William L. Finley National Wildlife Refuge is a natural area in the Willamette Valley in Oregon, United States. It was created to provide wintering habitat for dusky Canada geese. Unlike other Canada geese, dusky Canada geese have limited summer and winter ranges. They nest on Alaska's Copper River Delta and winter almost exclusively in the Willamette Valley. Habitat loss, predation, and hunting have caused a decrease in population.

Located ten miles south of Corvallis, Oregon, the refuge protects many of the historic habitats of the valley, including the largest remaining tract of native Willamette Valley wet prairie. Fields of wildlife food crops are interspersed with Oregon white oak savannah, meandering creeks with bottomland Oregon ash forest, old growth bigleaf maple, and native prairie.

Other management goals are to preserve native species and enhance biodiversity including the rare oak savannah, upland prairie, and wet prairie habitats. Endangered and threatened species such as Oregon chub, and Bradshaw's desert parsley find protection and sanctuary on the refuge. A herd of Roosevelt elk can be found in the bottomland forests or farm fields on the refuge.

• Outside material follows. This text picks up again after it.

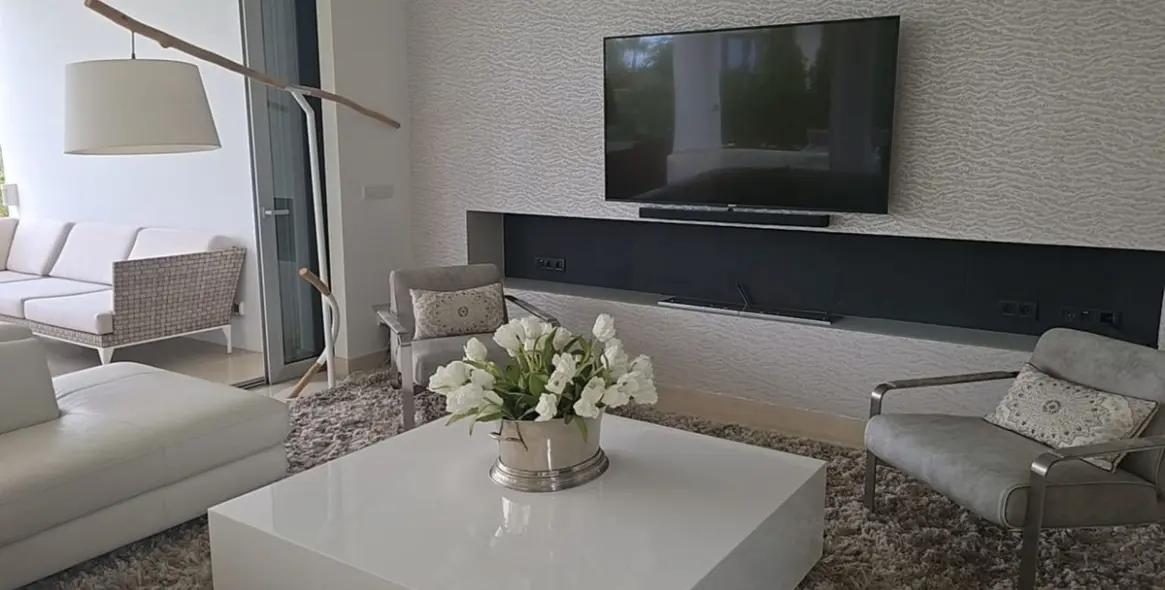 Продажа  отдельно стоящей виллы в Río Real 12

Under cooperative agreements, area farmers plant refuge fields to produce nutritious grasses preferred by geese. The geese also need water for resting and foraging habitat. Many refuge wetlands occur naturally; others are created by dikes and levees. Some refuge wetlands, drained or channelized by previous owners, are being restored in low-lying areas of the refuge to increase diversity and desirability of habitat for wildlife.

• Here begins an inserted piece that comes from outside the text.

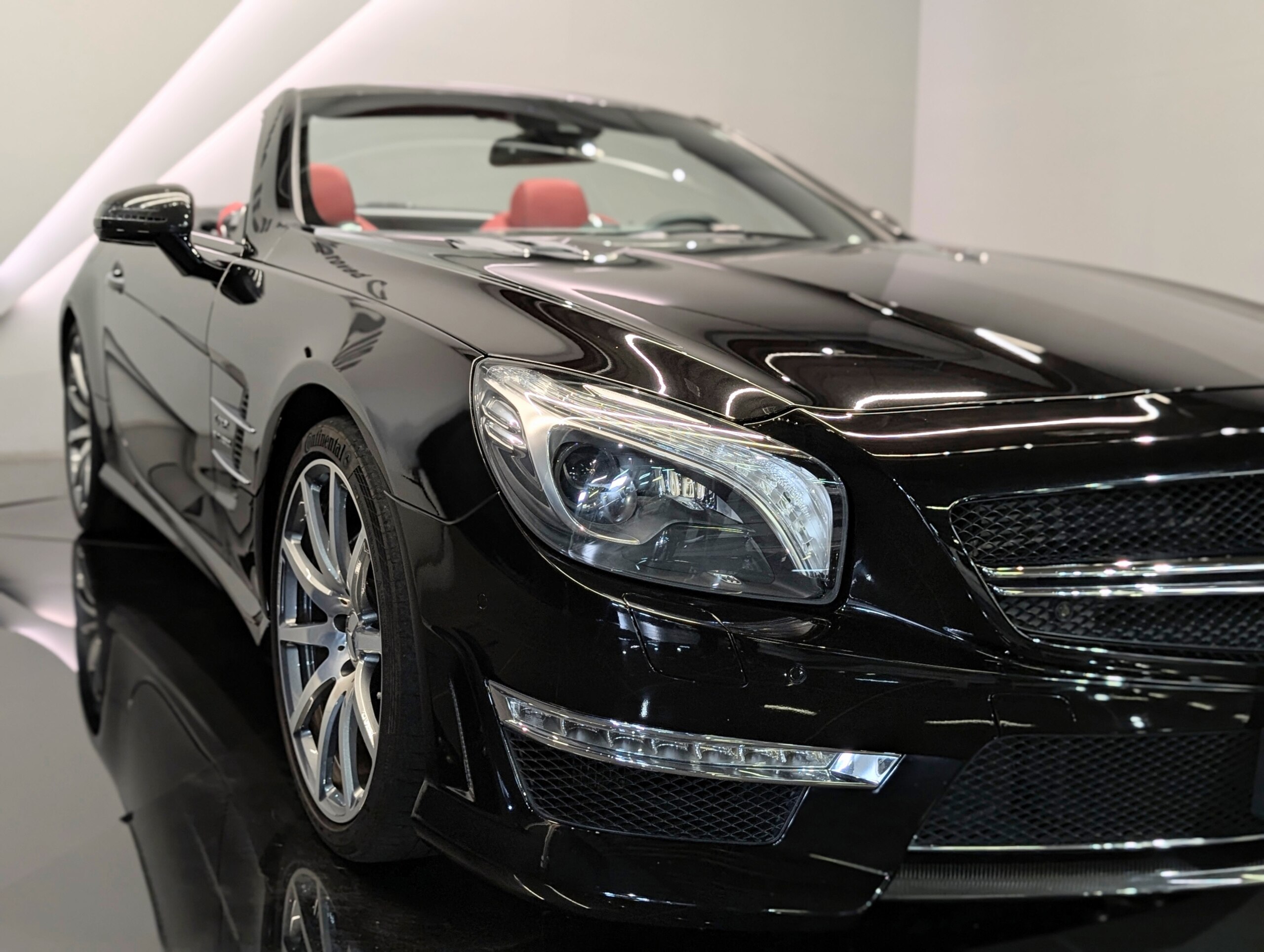 Mercedes Benz SL65 AMG (photo: 20)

The majority of wetlands are being managed as moist soil units, to promote growth of wetland food plants (millet, smartweed, sedges, etc.) used as food by waterfowl and other wildlife. By resting in undisturbed areas on the refuges, wintering geese regain energy reserves required for migration and nesting. This sanctuary reduces depredation problems on neighboring private lands.

Of historic interest is the Fiechter House, completed in 1857, and thought to be the oldest house in Benton County. The refuge was named for William L. Finley, an early conservationist who persuaded President Theodore Roosevelt to set aside the first National Wildlife Refuge west of the Mississippi River.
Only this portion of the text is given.